John J. McDonough Museum of Art announces five exhibitions to open in 2025

The John J. McDonough Museum of Art, Youngstown State University’s Center of Contemporary Art, will open 2025 with five dynamic exhibitions featuring guest artists Julia Betts, Anna Chapman, Abby Cipar, Will Hutnick and Sidney Mullis.

These exhibits will be on display beginning Tuesday, January 21, through Friday, February 28.

Betts’ The Dams are Broken explores the human body as a fragile vessel yearning to break through boundaries and let its identity come forward. The Dams are Broken “oscillates between containment and release, shifting fluidly between abstract and recognizable forms,” Betts said.

Betts is currently an adjunct professor at Carnegie Mellon University. She has been the recipient of numerous residencies, and her work has been exhibited nationally and has appeared in several publications. Betts will give a lecture as part of the Department of Art Lecture Series Wednesday, Feb. 5, at 5:30 p.m. in the McDonough Auditorium.

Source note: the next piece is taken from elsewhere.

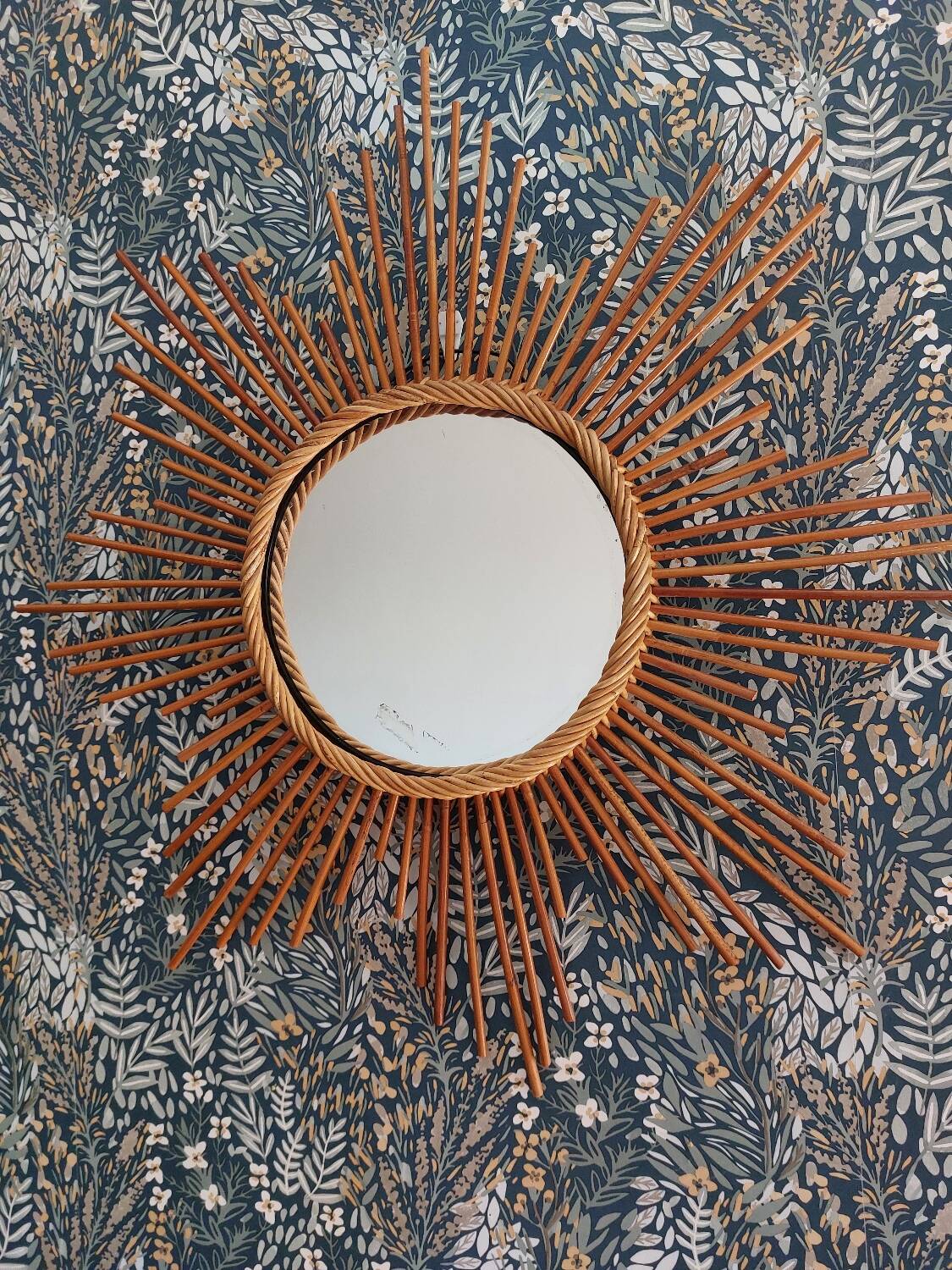 Vintage rattan sun mirror 1960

Chapman’s exhibit, Underworld/Otherworld, focuses on death and grieving.

“Death is an undeniable aspect of all our lives. Yet there is little space carved out in culture to process personal, collective, and environmental loss. To grieve is to love," said Chapman. "Grief has the power to rearrange us; to ground us and to give us wisdom. Preparing us with integrity for what comes next. How do we move through the underworld to meet the Otherworld?”

An artist and educator, Chapman investigates transformative approaches to art-making, community practice, and the connection to land in light of destabilized socio-ecological contexts. She will give an artist lecture Wednesday, Jan. 22, at 5:30 p.m. in the McDonough Auditorium.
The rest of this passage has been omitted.